Dia lantas mencontohkan sejumlah kasus seperti pelarangan bangun monumen Sunda Wiwitan di Kuningan, jemaat GKI Yasmin, ada juga kasus di Singkil yang belum tuntas hingga kini. Selain itu, kasus jemaah Ahmadiyah Indonesia di Banjarnegara, Kendal, Jambi, NTB juga masih terjadi.

"Kasus ini memunculkan praktik-praktik bukan hanya diskriminasi, tapi juga persekusi kekerasan terhadap kelompok-kelompok tertentu, terutama kelompok minoritas yang dipersekusi oleh kelompok tertentu," tegasnya.

Meski ada upaya penyelesaian, namun hal itu perlu ditingkatkan lagi. Komnas HAM bersama-sama dengan pemerintah pusat dan daerah, kata Taufik sudah mengatasi berbagai persoalan. Misalnya pelarangan Monumen sunda Wiwitan di Jawa Barat.
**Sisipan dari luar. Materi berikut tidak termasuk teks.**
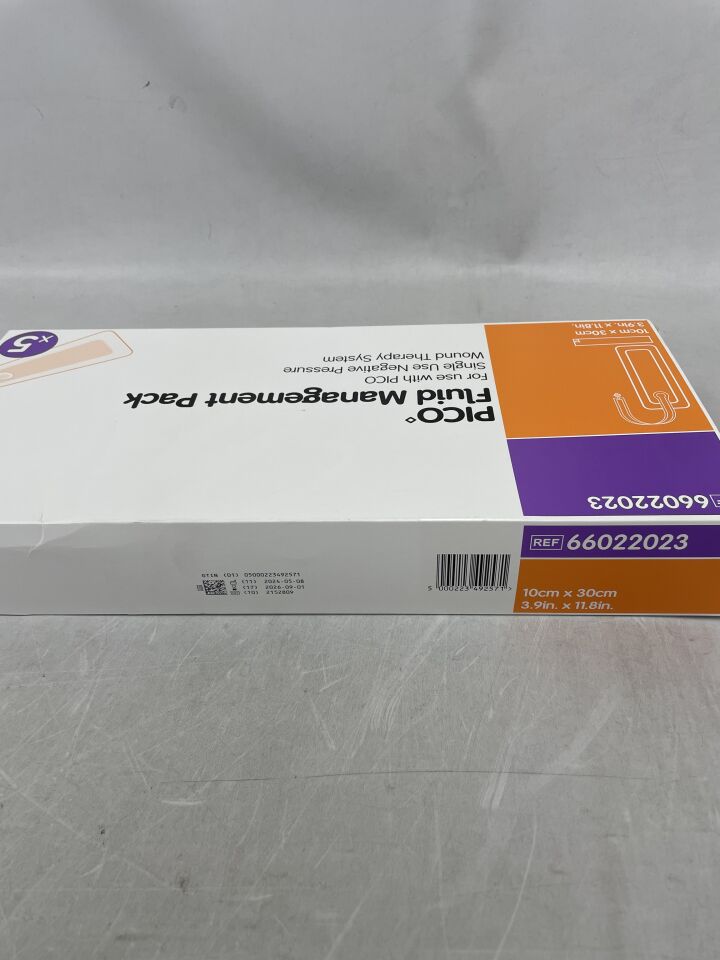 66022023 - SMITH &amp; NEPHEW - Paquete de gestión de fluidos PICO NPWT de 10 cm x 30 cm (caja de 5) - (Fecha de caducidad: 01/09/2026)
"Akhirnya mereka mendapat peluangnya untukmeneruskan pembangunan, tapi tak menutup kemungkinan terjadi lagi persekusi dari pihak-pihak tertentu di sana," kata Taufik.

Keempat, akses terhadap keadilan. Isu ini, kata Taufik menjadi catatan dan perhatian Komnas HAM. Terlebih setelah pengesahan Undang-Undang Omnibus Law Cipta Kerja, banyak aduan yang masuk ke kantornya.

"Soal access to justice, banyak catatan kami kasus-kasus yang masuk. Ini akan jadi perhatian yang serius bagi Komnas HAM, dan terus mendorong pemerintah untuk memperhatikan persoalan ini. Terutama setelah diluncurkannya UU Cipta Kerja, akses terhadap keadilan ini akan banyak muncul lagi sebagian aduan ke Komnas HAM," tegasnya.

Selanjutnya, soal kekerasan aparat. Komnas HAM juga menyoroti soal kekerasan yang dilakukan aparat kemanaan terhadap masyarakat, khususnya saat melakukan penegakan hukum. Misalnya seperti pencegahan atau pemberantasan terorisme, dan penanganan unjuk rasa.

Ilustrasi penyemprotan gas air mata saat demo (Dok. Antara)

"Yang tak kalah pentingnya adalah penanganan aksi unjuk rasa yang kita lihat belakangan. Yang dalam dua minggu terkahir kami lihat di berbagai kota," kata Taufik.

Terakhir, soal kebebasan berpendapat dan berekspresi. Catatan penting dari Komnas HAM di satu tahun pemerintahan Jokowi-Ma'ruf Amin adalah soal kebebasan berpendapat dan berekspresi yang semakin terbelanggu. Pemberangusan itu bahan terjadi hingga lingkup akademik dan jurnalistik.

Di lingkungan akademik, kata Taufik, kebebasan perbendapat mengalami gangguan. Sementara ranah jurnalistik kerap diwarnai dengan kekerasan, doxing, hingga peretasan.

"Kita memberikan satu kesimpulan mengenai stagnasi perlindungan HAM itu," katanya.

Semestinya, kata Taufik, kebebasan berdemokrasi sudah lebih berkembang pasca reformasi. Namun, kasus-kasus seperti ini justru bertambah di tahun pertama Jokowi-Ma'ruf.

"Bahkan ada ketakutan dalam menyampaikan pendapat dan ekspresi melalui internet. Ini kami tangkap sebagai bagian dari dampak dari adanya hambatan-hambatan dalam kebebasan berpendapat," tegasnya.

Dari enam isu tersebut, Komnas HAM menyimpulkan banyaknya stagnasi penegakan kemanusiaan selama satu tahun terakhir ini. Terlebih soal pelanggara HAM berat yang mustinya sudah bisa selesai di periode pertama pemerintahan Presiden Jokowi.

"Tapi sampai periode Pak Jokowi sekarang pelanggaran HAM berat ini belum juga selesai. Kami secara umum menyimpulkan ada situasi stagnan di dalam pemajuan dan penegakan HAM," pungkasnya.